HealthWell Foundation Vows to Continue Safety-Net Support for People in Need

03.26.2010Yahoo! Finance

GAITHERSBURG, Md., March 25 /PRNewswire/ — The HealthWell Foundation, a national nonprofit that helps underinsured Americans afford their medical treatments, applauds lawmakers for passing the historic health care reform bill this week. While the bill extends coverage to millions of uninsured people, it does not adequately address the problem of the underinsured — people who have health insurance but not enough coverage to afford the care they need. It may even increase the number of people in this underserved group.

It is estimated that anywhere from 25 million to over 40 million Americans are underinsured. Now, as newly covered individuals seek treatment, they may not have the financial resources to cover their medical expenses. This dilemma is particularly significant for those dealing with chronic and life-altering illnesses.
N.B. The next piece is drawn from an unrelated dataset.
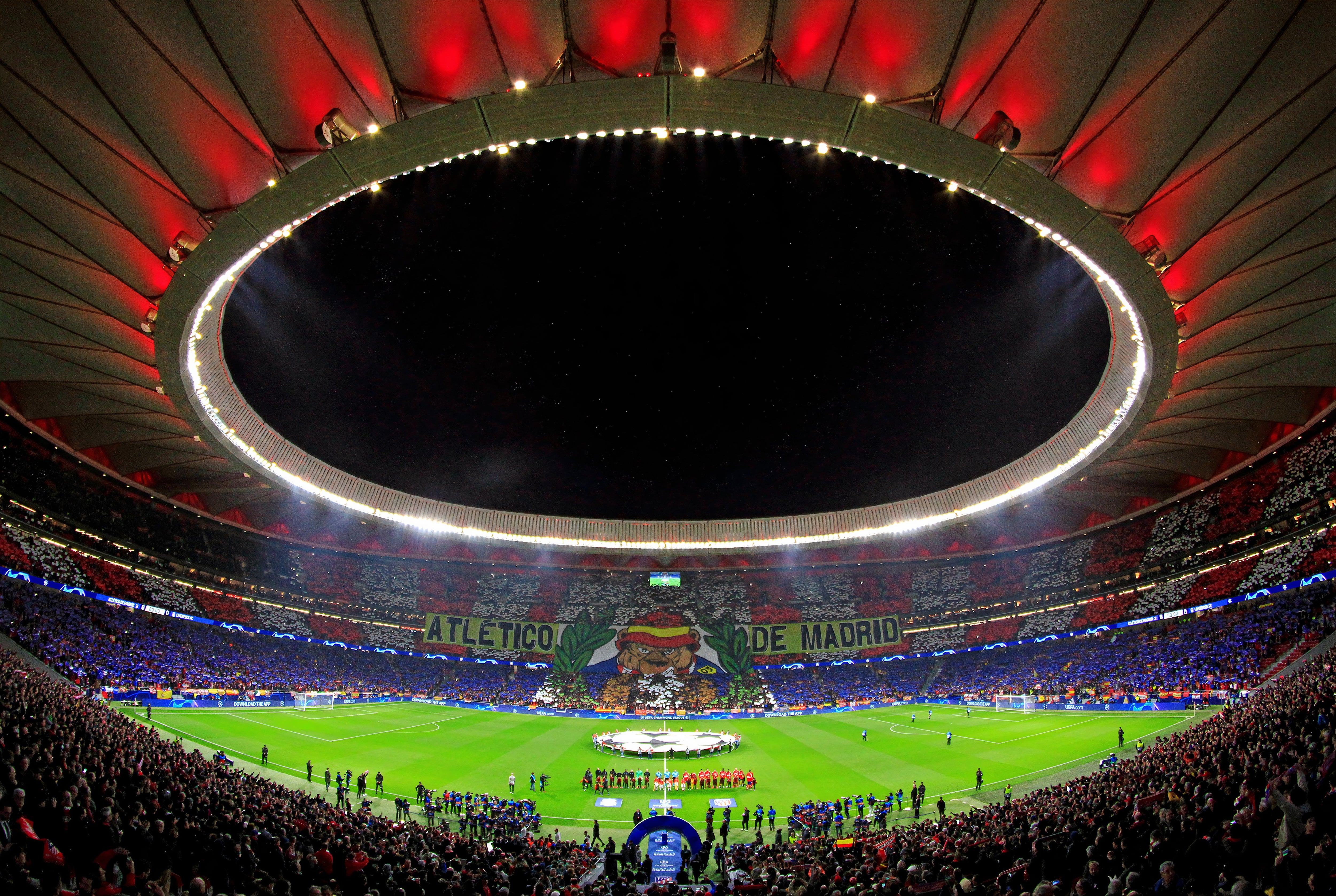 Mosaico en el Metropolitano antes de comenzar el duelo de octavos de Champions contra el Liverpool del 18 de febrero de 2020.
“While this bill is an important first step, we need to remain vigilant about the growing underinsured population in this country,” commented David Knowlton, President and CEO of the New Jersey Health Care Quality Institute and HealthWell Foundation board member. “Failure to do so could result in severe economic consequences and could contribute to a further increase in medical expense-related bankruptcies.”
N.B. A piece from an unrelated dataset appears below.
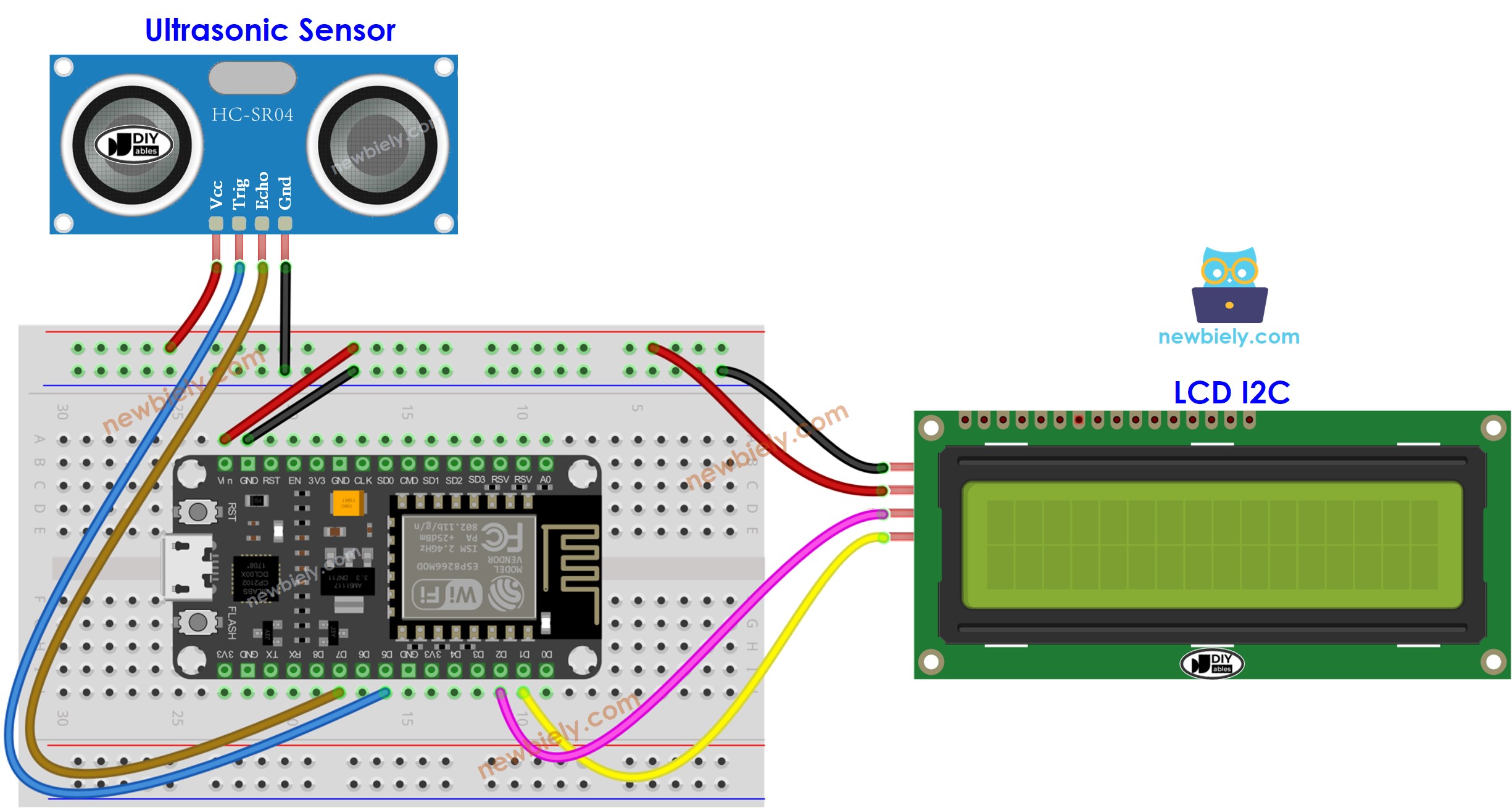 ESP8266 NodeMCU Distanzsensor LCD-Verdrahtungsdiagramm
The HealthWell Foundation vows to continue the prescription drug co-payment and premium assistance support it has provided to Americans since 2003. Demand for HealthWell’s services increased 40 percent in the past year as costs skyrocketed and the recession hit.

“The underinsured are a largely forgotten group in this health care debate,” stated Mary P. Sundeen, Executive Director of the HealthWell Foundation. “Over the next decade, we anticipate the demand for co-payment assistance will rise dramatically as the burden of medical expenses on Americans reaches the highest level in our nation’s history. To stabilize the crisis of the underinsured, it is imperative that timely support be given to this rapidly growing and presently underserved population.”

The current situation is stark:

  • Co-payments, premiums and other out of pocket expenses have increased 40 percent over the past 10 years.(i)
  • More than one in five patients have been forced to abandon treatment simply because they couldn’t afford their medications and co-pays.(ii)
  • Medical bills have contributed to more than 60 percent of personal bankruptcies in the United States.(iii)
  • The health care reform bill decreases payments to Medicare Advantage plans, which will likely result in increased premiums and co-payments, making required therapies and medications more expensive for seniors.
  • While Medicare Part D coverage gap discounts are important, the bill’s phased-in approach does not provide immediate relief, leaving many seniors unable to meet their cost-sharing obligations.

“It is regrettable that millions of people in this country have to choose between paying for lifesaving therapies or paying for a mortgage and other family expenses,” said Sundeen. “Getting required treatments, medications and care should not be a path to financial ruin for so many Americans.”

To learn more about how you can make a difference in the lives of America’s underinsured, please visit the HealthWell Foundation website at

Since 2003, the HealthWell Foundation® has helped more than 100,000 patients with serious and chronic conditions meet their cost-sharing obligations for treatment. HealthWell is a national 501(c)(3) non-profit association that provides financial assistance to cover the cost of prescription drug coinsurance, co-payments and deductibles, and health insurance premiums. The Foundation considers individual financial, medical and insurance situations when determining assistance eligibility.

i. Kathryn Anne Paez, Lan Zhao and Wenke Hwang, “Rising Out-of-Pocket Spending for Chronic Conditions: A Ten-Year Trend,” Health Affairs, January 2009.

ii . Peter J. Cunningham, Laurie E. Felland, “Falling Behind: Americans’ Access to Medical Care Deteriorates, 2003-2007,” Center for Studying Health System Change, June 2008.

iii . David U. Himmelstein, MD, Deborah Thorne, PhD, Elizabeth Warren, JD, Steffie Woolhandler, MD, MPH, “Medical Bankruptcy in the United States, 2007: Results of a National Study,” The American Journal of Medicine, August 2009.